X

  • 22 Ноябрь
  • 2024 года
  • № 130
  • 5629

Пара калош на левую ногу

Автор очередной публикации на тему «Дети войны» — Матрена Серафимовна Конева. Всю жизнь она проработала в Мужах, учителем начальных класов.

Я не помню начала войны. Мне было 4 года. Ко Дню Победы мне исполнилось 8 лет. Детство мое закончилось 10 июля 1951 г., когда в результате пожара мы, четверо детей, лишились дома, имущества и мамы (скончалась от ожогов в 36 лет).

Все, что я помню, не могу обозначить точной датой, только знаю, что это было еще при маме, т.е. до 1951 г.

В памяти осталось много народа в клубе, и мы стоим рядом с мамой и отцом. Это был сентябрь 1941 г. — проводы отца на фронт. Его я совершенно не помню, а что уж говорить о двухгодовалой сестре Тамаре и двухмесячном брате Альберте. Старшему брату Василию — 8 лет. А маме было всего 26.

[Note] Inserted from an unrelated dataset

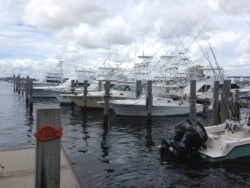A Group of Offshore Fishing Boats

Мне мое детство вспоминается как сплошной труд. Труд через игру -соревнование с подружками. Чистили посуду на берегу Оби песком и порошком, который делали сами, перетирая кусочки красного кирпича друг о друга. Чей самовар чище? И так далее.

Жили как все. Только благодаря нашим мамам-труженицам мы не голодали. В округе все держали скот.

У нас, как и у соседей, в стайке всегда стояли корова (и иногда и две), лошадь с жеребенком, теленок или бычок и овцы. Все это немалое «население» надо было кормить, поить, убирать за ним. Воду носили в ведрах на коромысле с Оби. Это было только мое дело. Воды надо было много. А жили мы далеко от Оби.

Было тяжело, но соревновательный дух и тут помогал: кто большее количество раз сходит за водой? Так случилось, что накануне пожара я наносила полную бочку воды, но это, к сожалению, не спасло наш дом.

У моих подружек были старшие сестры, и это облегчало им жизнь. Я же сама была старшей в семье, хотя моложе подружек, и отвечала за многое в доме.

Мама с Василием летом уезжали на покос с ночевкой, иногда на неделю. Мы оставались с полуслепой бабушкой (она различала только очертания предметов на свету, людей узнавала по походке и по голосу). Соседка доила корову, присматривала за нами и руководила, чтоб мы (в основном, я и Тамара) не бездельничали.

А в начале лета мы, четыре подружки, ездили на весельной лодке за травой для коровы. Звали старушку, чтобы управляла лодкой, и вперед, в район Ханты-Мужей на остров, косить траву серпом.

Как только расцветала калужница, опять мы, девочки, переезжали через Обь и набивали мешки на прокорм скоту. Во время поездок развлекали себя и заодно бабушку-кормчую.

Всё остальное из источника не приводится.